The March 26 protests in dozens of Russian cities were not simply against the corruption under President Putin. Many demonstrators also know how another former Soviet state, Georgia, has achieved relatively clean governance. 

Anti-corruption protesters attend a rally in Moscow, Russia, March 26.

Of all the former states in the Soviet Union, according to a global ranking, Russia remains one of the most corrupt. That helps explain why an estimated 60,000 Russians took to the streets March 26 in anti-corruption protests. Not only were these the largest protests in five years, they took place in dozens of cities and despite the fact that officials denied permits for the demonstrations and the government has been cracking down hard on dissidents.

What stirred the thinking of so many Russians to envision an honest and accountable government?

While President Vladimir Putin remains popular, the focus of the protests was his prime minister and protégé, Dmitry Medvedev.
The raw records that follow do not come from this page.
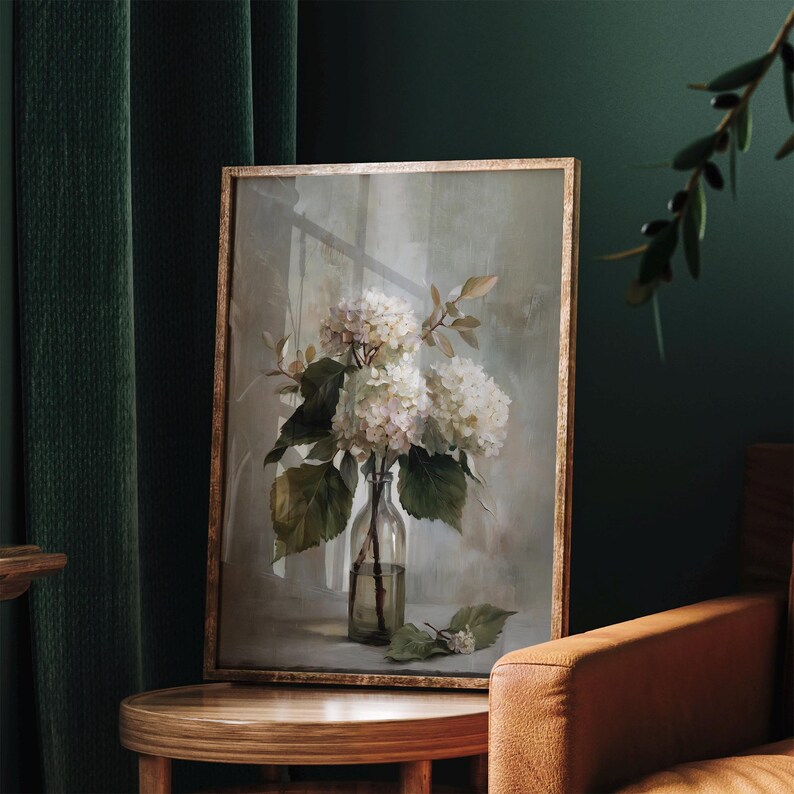 May include: A framed floral print featuring white hydrangeas in a clear glass bottle. The artwork has a gold-toned frame and is set against a muted, neutral background. Green leaves and stems add to the natural aesthetic.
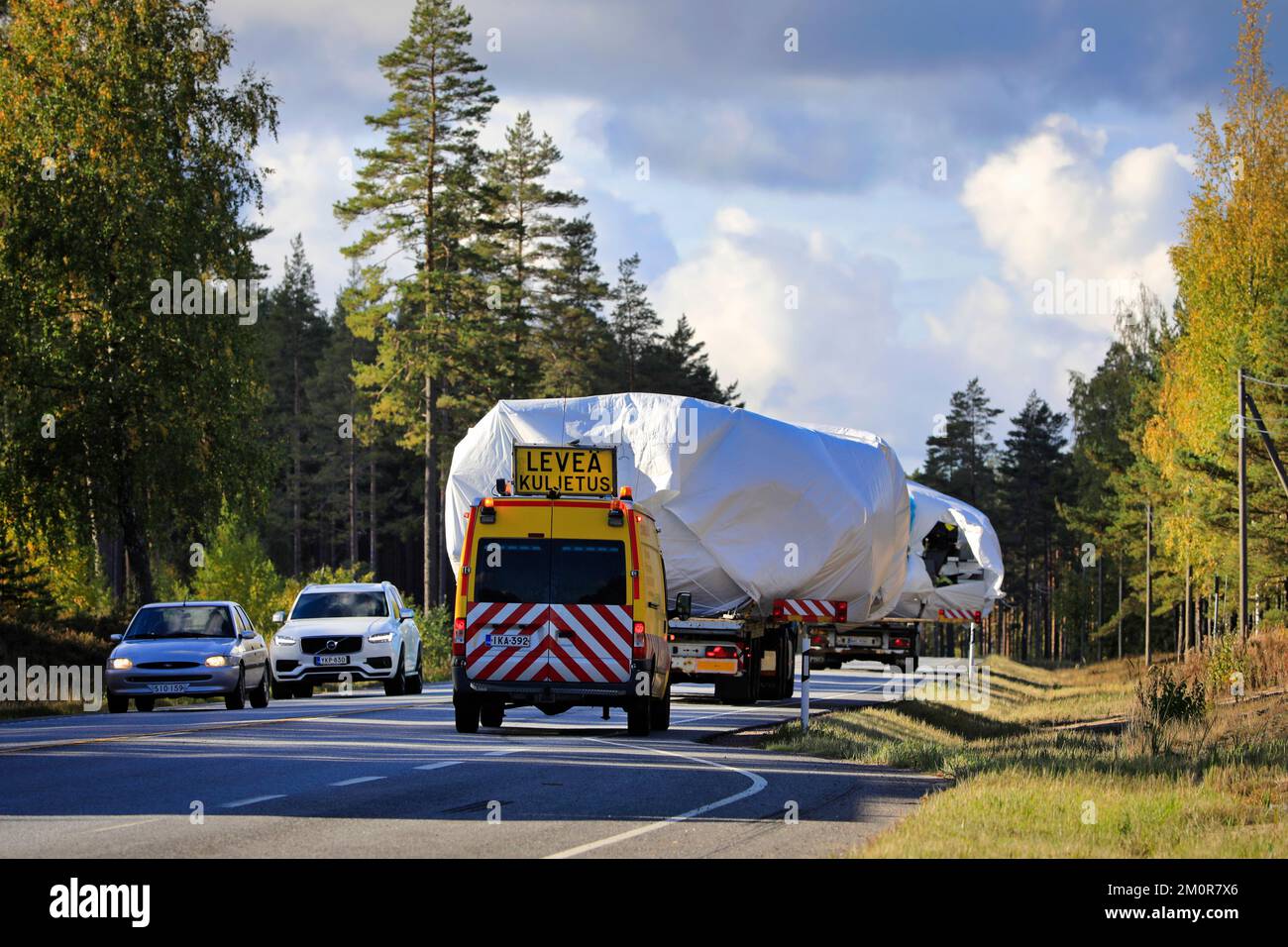 Cars from opposite direction give way as two oversize load transports assisted by pilot and escort vehicles proceed. Raasepori, Finland. Sept 23, 2022 Stock Photo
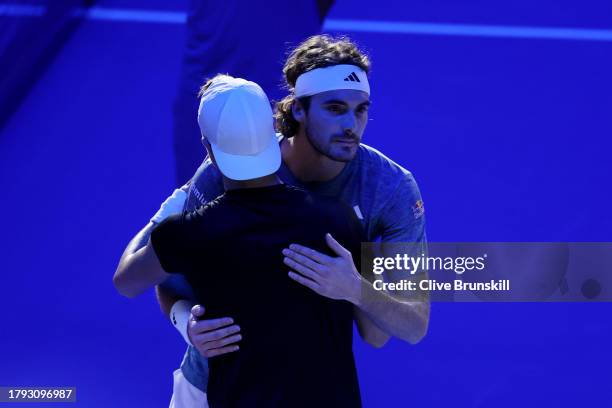 Stefanos Tsitsipas of Greece and Holger Rune of Denmark interact by the net after Stefanos Tsitsipas of Greece retired during the Men's Singles Round...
A scathing report on his wealth, released on YouTube in early March and watched by more than 12 million people, revealed the depth of Russian corruption – and Mr. Putin’s vulnerability to mass dissent. One sign of Putin’s worry: His security forces arrested more than a thousand demonstrators, including anti-corruption activist Alexei Navalny. He’s the one who compiled the corruption file on the prime minister.

Another reason for the size of the crowds is the fact that average wealth in Russia has fallen about 42 percent since 2013, a result largely of Putin’s policies. Yet there may be another cause. In one former Soviet state – neighboring Georgia – anti-corruption protests achieved remarkable success, a fact not lost on many Russians.
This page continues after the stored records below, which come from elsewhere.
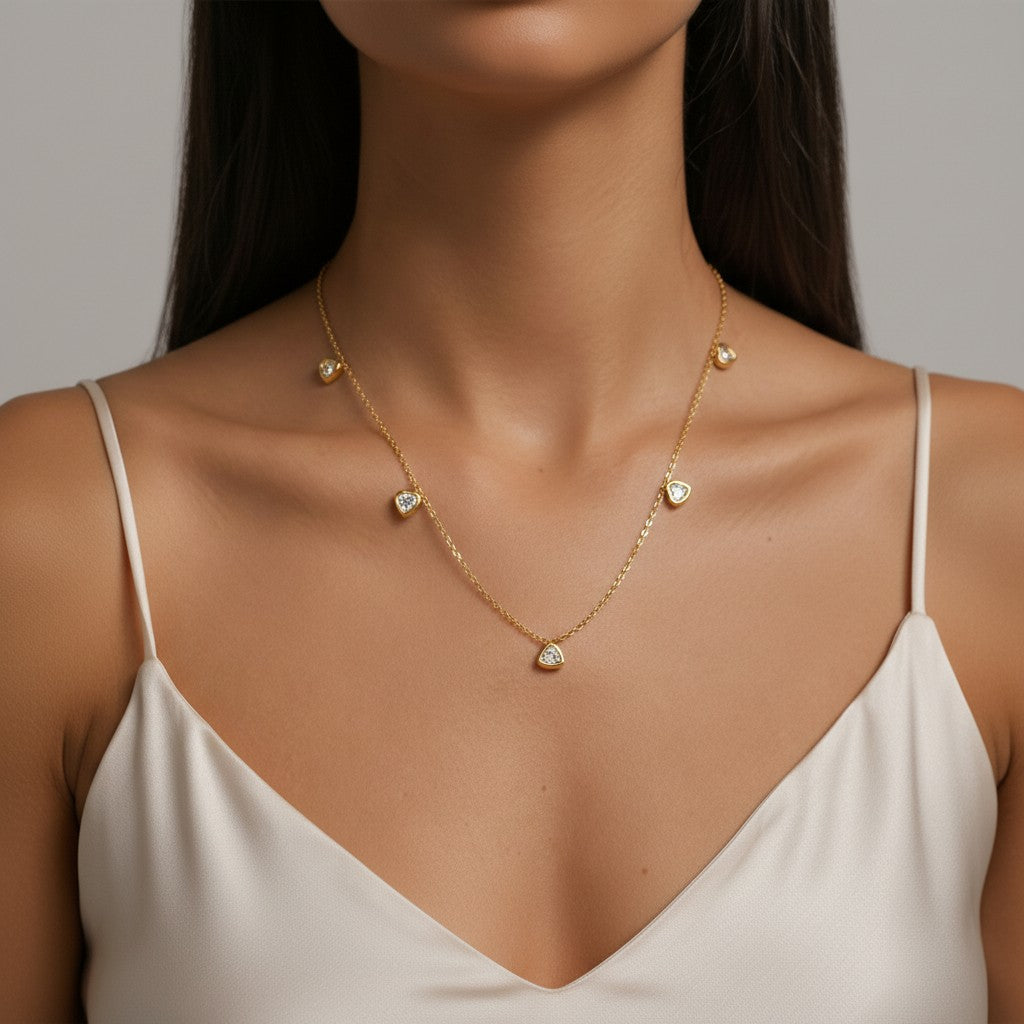 A close-up of a model wearing a delicate gold chain necklace with small heart-shaped crystal pendants, styled with a cream-colored spaghetti strap top against a neutral gray background.
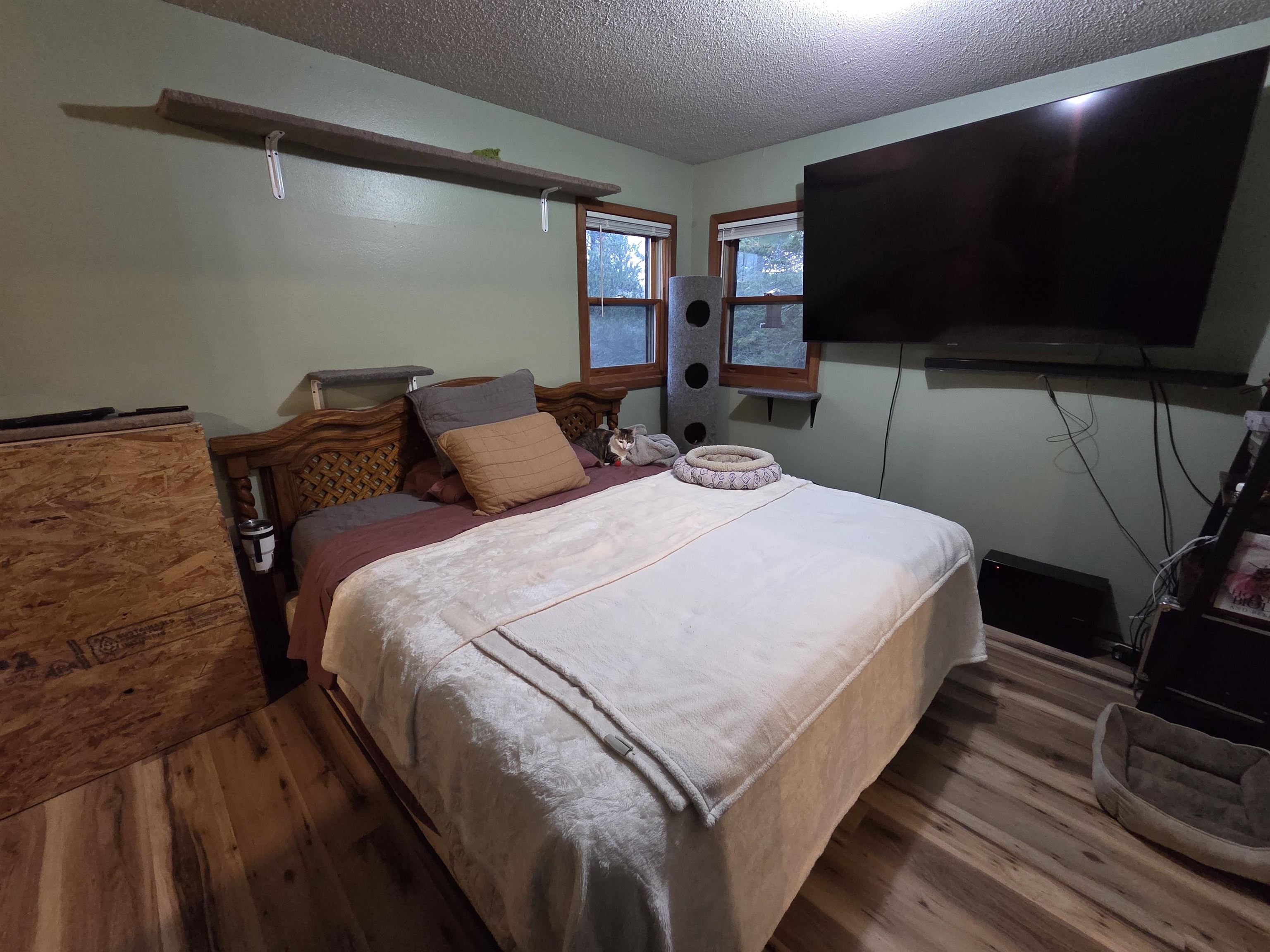 6821 Barrett Road Chisholm, MN 55719 - Photo 9 of 34 Bedroom with wood finished floors and a textured ceiling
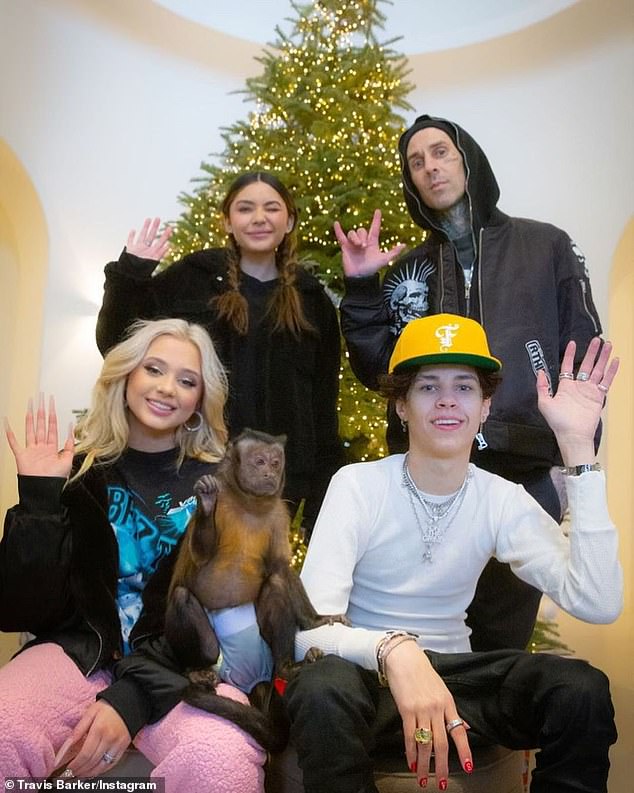 The Blink -182 drummer is pictured with Alabama, Landon and sister Atiana De Lay Hoya, whose father is former world champion boxer Oscar De Lay Hoya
Georgia’s so-called Rose Revolution in 2003 overthrew a very corrupt regime and ushered in wholesale reforms aimed mainly at curbing low-level corruption. The traffic police, the face of daily bribery to the people, were all fired. In addition, taxes were simplified and the number of required permits was cut from 600 to a few dozen. The number of state workers fell by 50 percent while the salaries of the remaining workers were boosted. To hold officials accountable, the transparency of government transactions was greatly improved. And all this despite Georgia being one of the poorest of the former Soviet states.
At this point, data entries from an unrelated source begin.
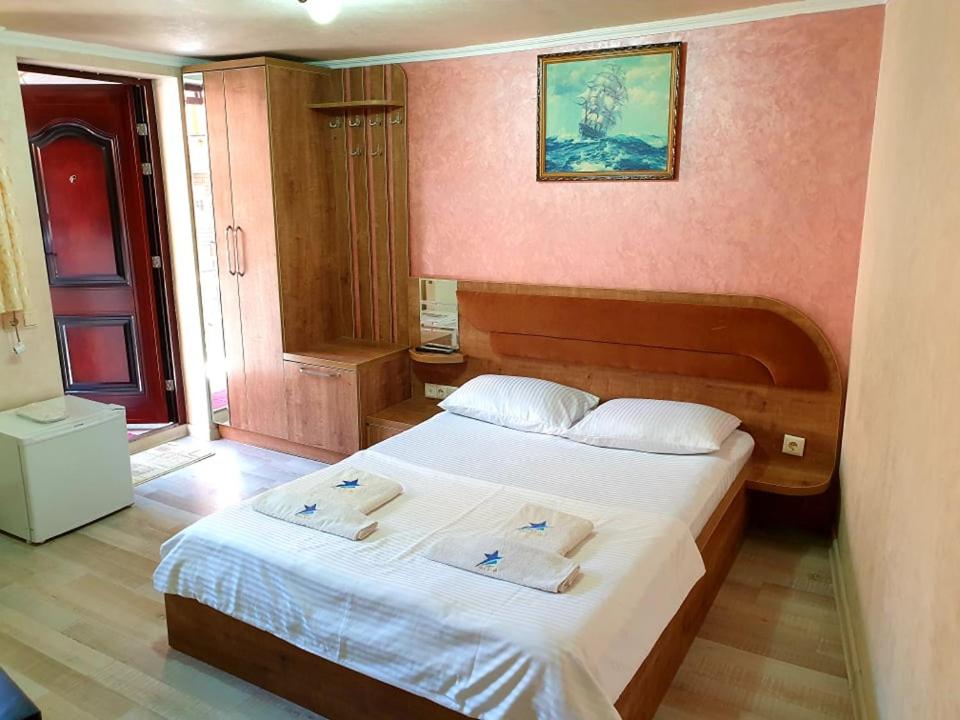 a bedroom with a bed with two towels on it at Hotel Old Star in Batumi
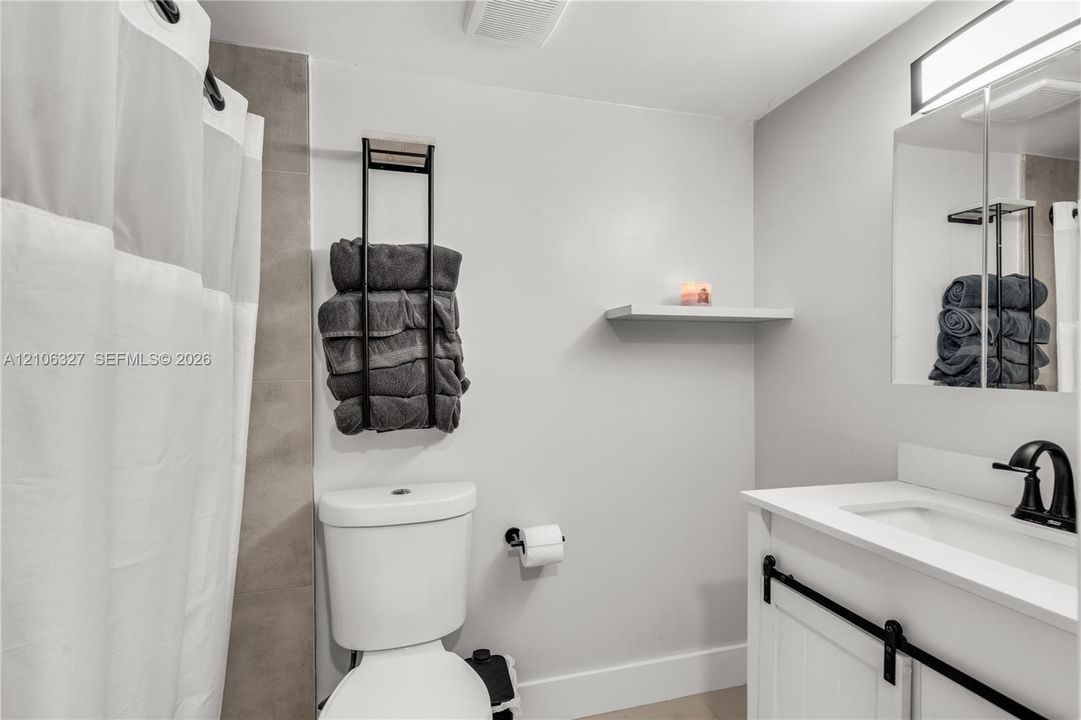 Bathroom featuring a white vanity with a composite countertop, matte black faucet, mirrored medicine cabinet, wall-mounted shelving, and a tiled shower surround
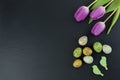 Colorful quail eggs and tulip flowers and green wooden birds on stone table. Top view with copy space Royalty Free Stock Photo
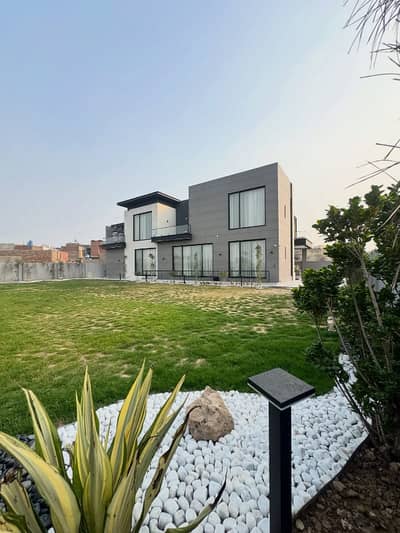 FULLY FURNISHED MODERN 2-KANAL (1+1) SUPER HOT LOCATED BUNGALOW WITH POOL AND THEATRE IS AVAILABLE IN THE BEST BLOCK OF DHA PHASE 6 LAHORE.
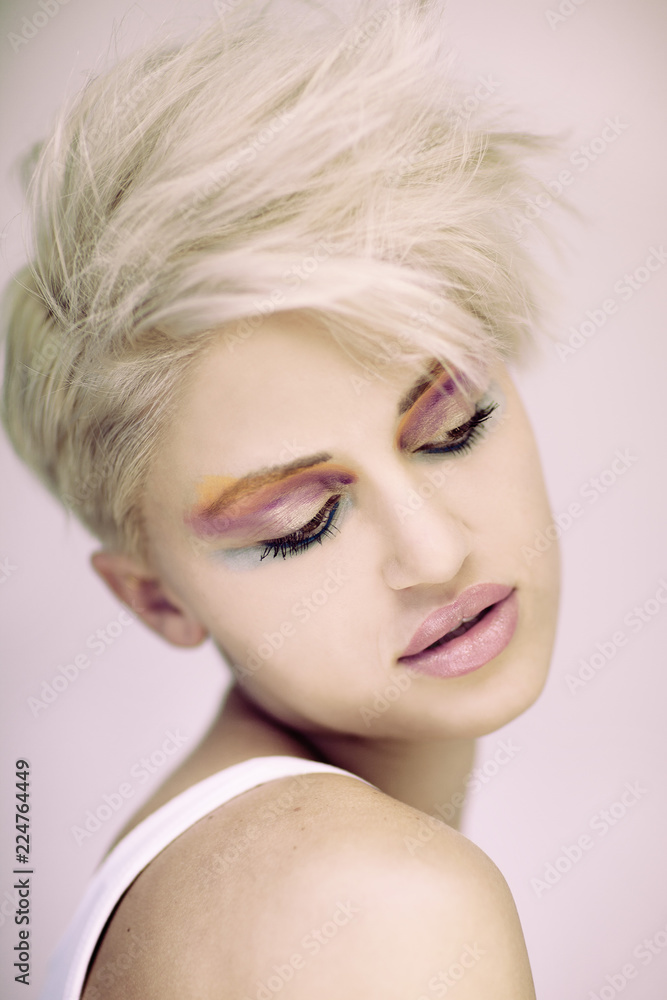 Fashion beautiful blonde woman with short haircut and colorful make up Fashion beautiful blonde woman with short haircut and colorful make up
Last year, Georgia was judged to be one of the least-corrupt countries in Central Asia and Europe. On the Corruption Perceptions Index of the group Transparency International, it ranks near Spain, Latvia, and Costa Rica. Over the course of three governments since 2003, noted a January report by the Council of Europe, “Georgia has come a long way in creating a regulatory and institutional framework for fighting corruption.”

The country still has corruption challenges, mainly in the judiciary. One in 8 Georgians says corruption is one of the nation’s top three problems. But the country has achieved what The Economist magazine calls a “mental revolution.” Perhaps more Russians want what their neighbors in Georgia already enjoy.